Dataset excerpts START
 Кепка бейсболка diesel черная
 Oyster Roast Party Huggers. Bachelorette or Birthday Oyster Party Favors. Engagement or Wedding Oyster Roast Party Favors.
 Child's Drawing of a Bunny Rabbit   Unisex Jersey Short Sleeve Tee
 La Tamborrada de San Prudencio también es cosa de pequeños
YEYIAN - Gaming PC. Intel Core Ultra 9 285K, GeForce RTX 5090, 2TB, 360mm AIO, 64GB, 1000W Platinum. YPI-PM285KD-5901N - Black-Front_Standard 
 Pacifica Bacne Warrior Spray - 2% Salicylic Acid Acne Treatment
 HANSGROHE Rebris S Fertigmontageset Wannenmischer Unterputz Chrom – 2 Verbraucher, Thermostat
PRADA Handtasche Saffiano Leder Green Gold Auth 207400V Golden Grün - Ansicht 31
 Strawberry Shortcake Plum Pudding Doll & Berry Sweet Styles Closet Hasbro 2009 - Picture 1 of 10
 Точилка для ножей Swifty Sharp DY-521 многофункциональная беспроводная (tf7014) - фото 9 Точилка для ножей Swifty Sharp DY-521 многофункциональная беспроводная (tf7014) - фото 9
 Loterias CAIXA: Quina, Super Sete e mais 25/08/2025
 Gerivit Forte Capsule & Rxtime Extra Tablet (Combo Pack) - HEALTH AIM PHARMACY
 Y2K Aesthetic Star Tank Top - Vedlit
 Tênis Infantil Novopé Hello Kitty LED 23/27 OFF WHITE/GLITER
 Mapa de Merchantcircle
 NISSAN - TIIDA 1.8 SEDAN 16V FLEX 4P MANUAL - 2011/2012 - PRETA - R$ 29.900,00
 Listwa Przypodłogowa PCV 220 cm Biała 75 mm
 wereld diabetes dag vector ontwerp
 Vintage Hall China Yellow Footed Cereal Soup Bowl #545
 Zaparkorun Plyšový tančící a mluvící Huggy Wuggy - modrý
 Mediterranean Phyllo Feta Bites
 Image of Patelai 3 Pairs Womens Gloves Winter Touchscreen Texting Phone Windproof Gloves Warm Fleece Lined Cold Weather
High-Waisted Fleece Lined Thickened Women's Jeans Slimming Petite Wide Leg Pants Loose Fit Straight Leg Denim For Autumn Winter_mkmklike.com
Dataset excerpts END
* [How to complete this task]: All lines above that include the word "Fleece" should be located and copied.

* [Your response]:
 Image of Patelai 3 Pairs Womens Gloves Winter Touchscreen Texting Phone Windproof Gloves Warm Fleece Lined Cold Weather
High-Waisted Fleece Lined Thickened Women's Jeans Slimming Petite Wide Leg Pants Loose Fit Straight Leg Denim For Autumn Winter_mkmklike.com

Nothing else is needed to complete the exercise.